==== Data shown

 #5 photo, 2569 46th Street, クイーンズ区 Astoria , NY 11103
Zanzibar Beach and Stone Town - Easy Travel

========
==== Data shown

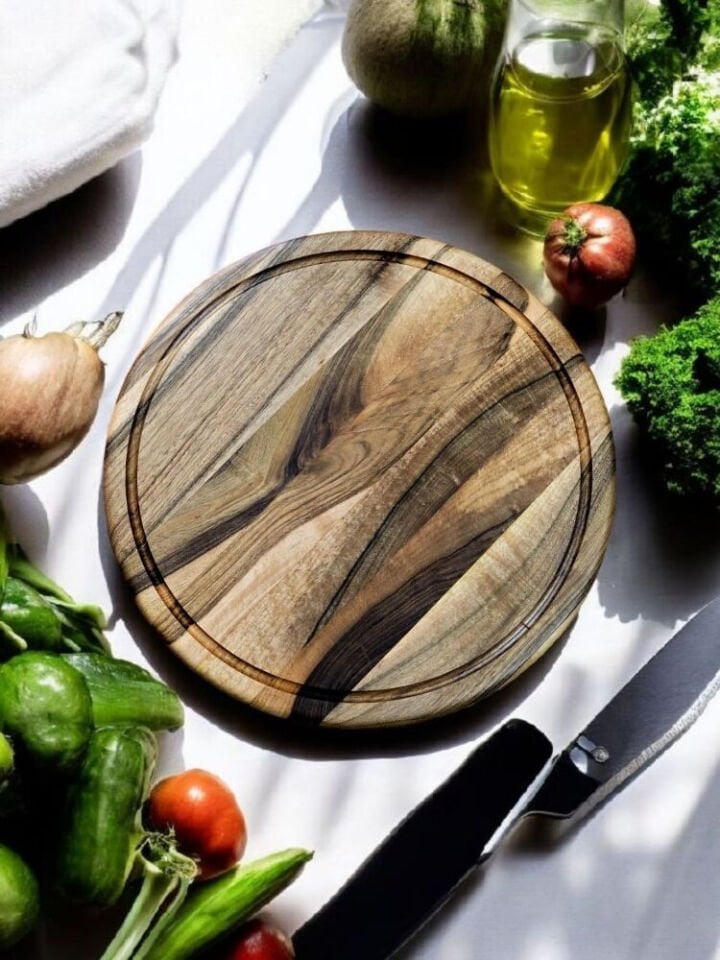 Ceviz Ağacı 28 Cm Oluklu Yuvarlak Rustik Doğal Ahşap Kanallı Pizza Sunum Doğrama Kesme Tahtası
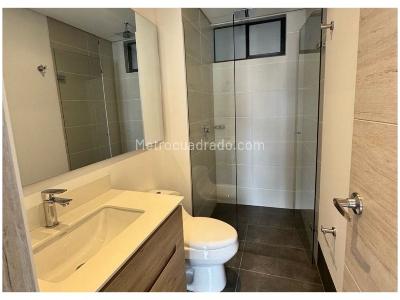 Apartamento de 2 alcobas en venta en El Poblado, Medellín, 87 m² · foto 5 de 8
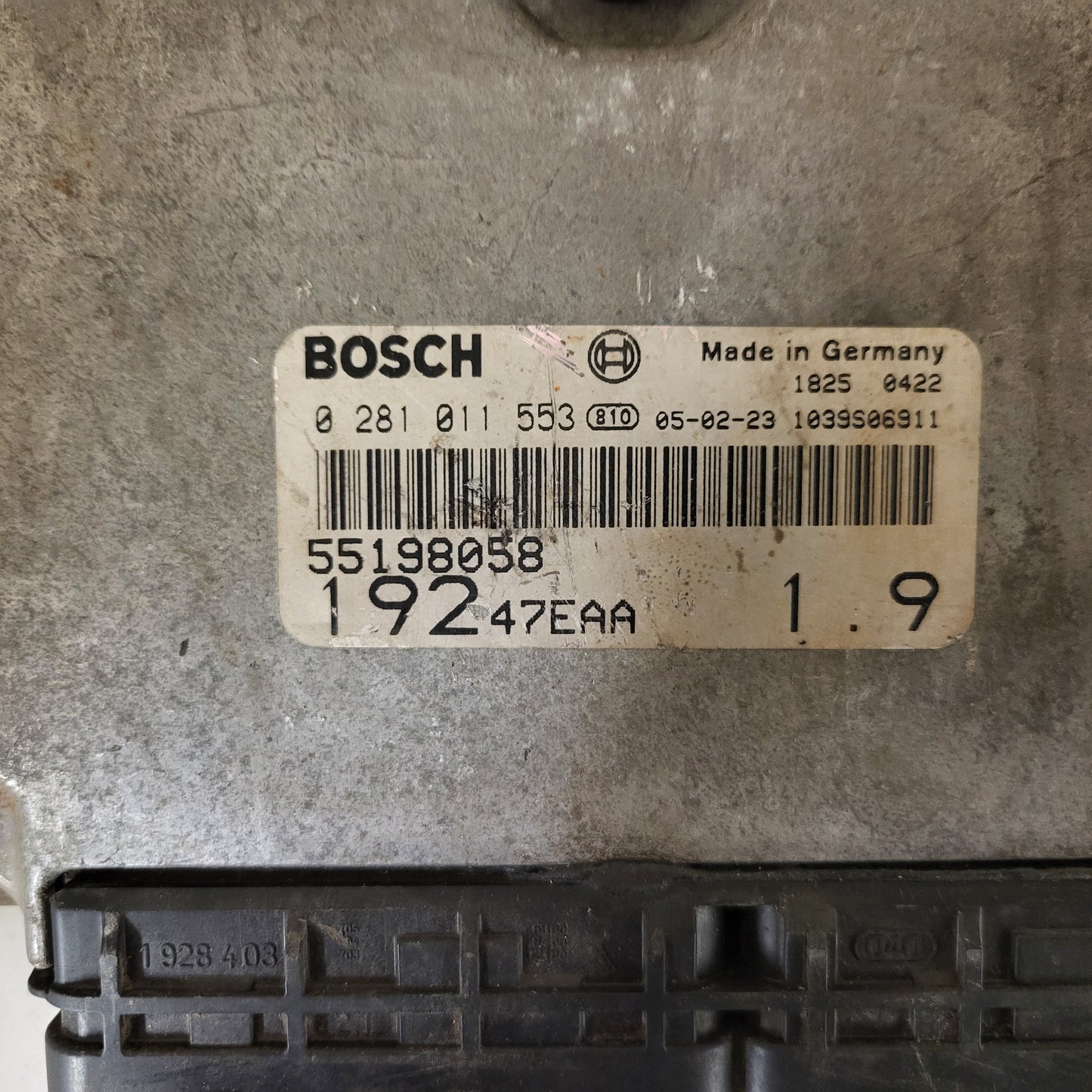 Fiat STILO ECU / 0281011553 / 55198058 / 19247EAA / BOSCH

========
==== Data shown

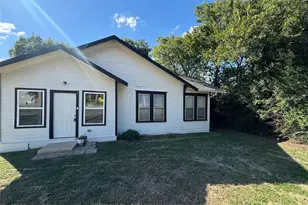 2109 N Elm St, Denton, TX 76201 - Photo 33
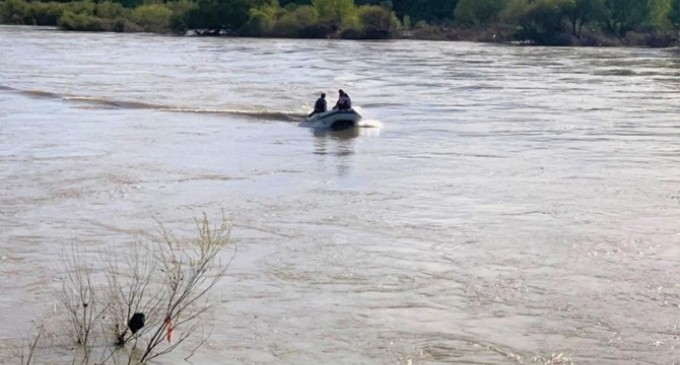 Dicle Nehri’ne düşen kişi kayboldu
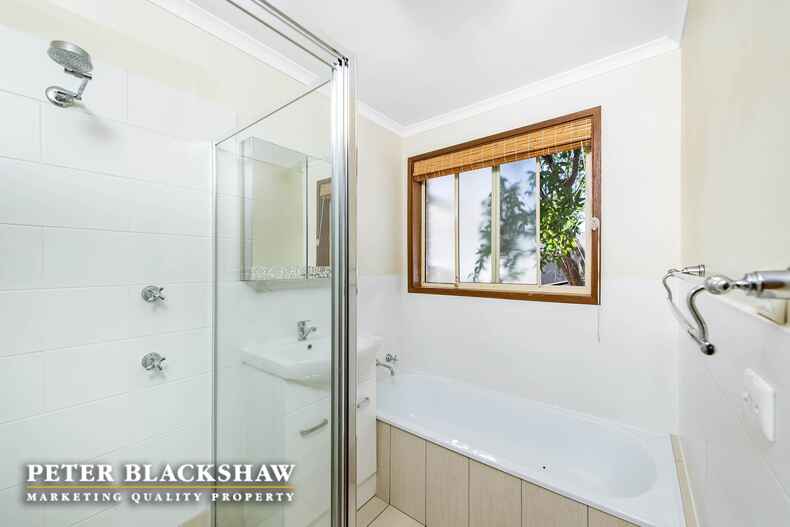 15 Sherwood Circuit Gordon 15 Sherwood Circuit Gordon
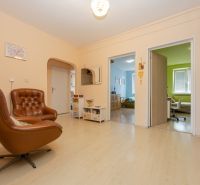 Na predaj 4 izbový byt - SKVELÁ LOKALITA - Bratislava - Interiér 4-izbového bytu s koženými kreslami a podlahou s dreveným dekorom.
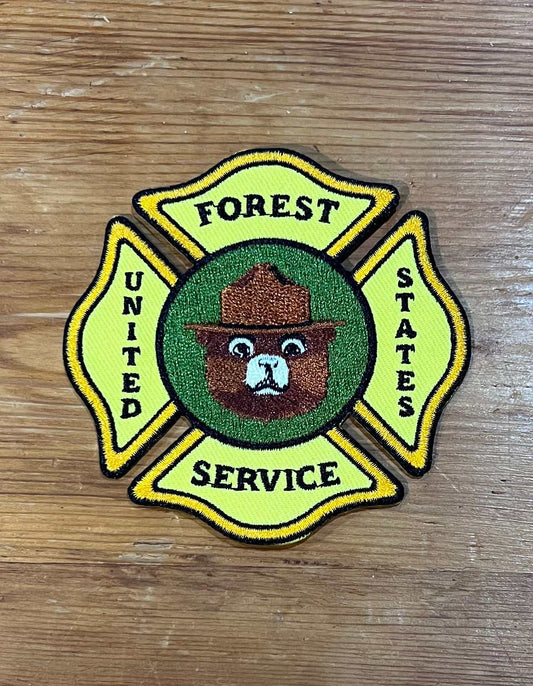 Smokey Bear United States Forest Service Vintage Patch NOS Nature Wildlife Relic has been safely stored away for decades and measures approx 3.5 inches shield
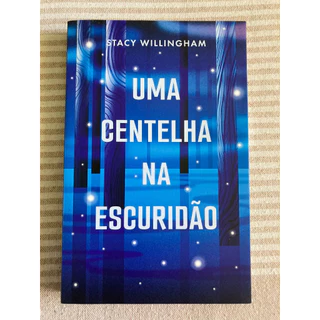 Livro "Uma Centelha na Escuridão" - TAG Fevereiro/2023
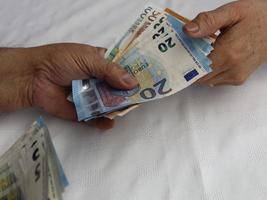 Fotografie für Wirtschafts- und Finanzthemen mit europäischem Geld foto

========

■ **What to produce**
Go through the listing above and write out exactly the lines starting with the one holding "#5 photo, 2569" and running through the one holding "Zanzibar Beach and Stone Town - Easy Travel", ends included, and no others.

■ **Response to the task**
 #5 photo, 2569 46th Street, クイーンズ区 Astoria , NY 11103
Zanzibar Beach and Stone Town - Easy Travel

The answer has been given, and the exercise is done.